Monday, Jul. 04, 1932
Hero Censored
Long and varied has been the career of the best known U. S. bull--"Bull Durham." He was born in Durham, N. C., at the close of the Civil War, sired by a British bull out of a jar of mustard. But not until last month had Bull Durham encountered Romance. Then suddenly 35,000 billboards throughout the land proclaimed the news. Advertisements showed a picture of him pasted on the side of a barn. Before the picture, big eyes ogling, tongue hanging out in an expression of lugubrious passion, stood a buxom Holstein cow. This whimsy was captioned "Her Hero." Motorists grinned. Advertising men, seeing in it a burlesque of sex-appealing tobacco advertisements, thought it smart. But to the churchwomen of Willow Glen, a suburb of San Jose, Calif., it was the epitome of bad taste, an affront to California womanhood. Last week they went before their town council, demanded that the objectionable picture, which greeted Willow Glen's children on their way to school, be removed. The Council summoned for the defense Educational Director Edward Lloyd Lomax of Foster & Kleiser Billboard Advertising Corp. Director Lomax was in a San Francisco court serving as juryman in the $1,800,000 suit of its onetime Board Chairman L. E. W. Pioda against Golden State Milk Products Co. Judge Walter Perry Johnston announced he would grant a recess while Juror Lomax traveled 50 mi. to Willow Glen on an important mission. Several hours later Juror Lomax returned, climbed wearily into the jury box, told interested colleagues that hereafter Willow Glen's schoolchildren could look at an innocuous poster of a youth and maiden in scanty one-piece bathing suits.

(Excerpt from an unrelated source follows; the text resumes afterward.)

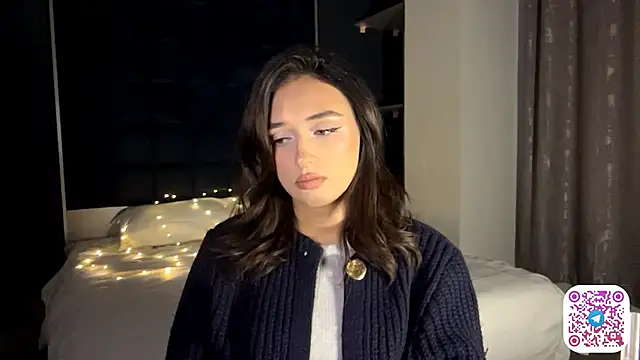 ParsedFix online show from March 3, 2026, 12:33 pm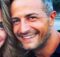 Uomini e donne, Ida e Alessandro la frecciatina a Riccardo 8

In 1865 John Ruffin Green was looking for a name for the tobacco he made in Durham, N. C. Over a dish of fried oysters a friend, John Y. Whitted, pointed to the mustard jar and said: "There is a condiment that is made in Durham, England. It bears the sign of a Durham bull's neck. Why not name your product Bull Durham Smoking Tobacco and adopt the whole bull as a trade-mark?" Tobaccoman Green immediately had a bull painted on sheet iron, mounted in front of his factory. The bull was heavy, clumsy, stolid and faced toward the east. After Founder Green died and Bull Durham tobacco was made by his more aggressive partner William T. Blackwell, the trade-mark bull became lighter, more graceful. A Liberty Bell was suspended from his neck by the U. S. flag and he faced west toward the land of unlimited resources. When Washington Duke began to make cigarets as well as smoking tobacco he gave as his reason: "My company is up against a stone wall. It can't compete with the Bull." Durham's bull was the object of a score of lawsuits before he became the property of American Tobacco Co. in 1898. As time passed the bull seemed to grow younger, more alert. He turned his head east again, became civilized, modest, stood behind a fence. Nine years ago he went into retirement, did not reappear until last summer, when he emerged, still proud & handsome, looking for a mate.
The passionate Holstein was the inspiration of Comic Artist John Held Jr. Whether Durham's bull would mate with Held's Holstein and produce a family of bullock Durhams no one knew last week.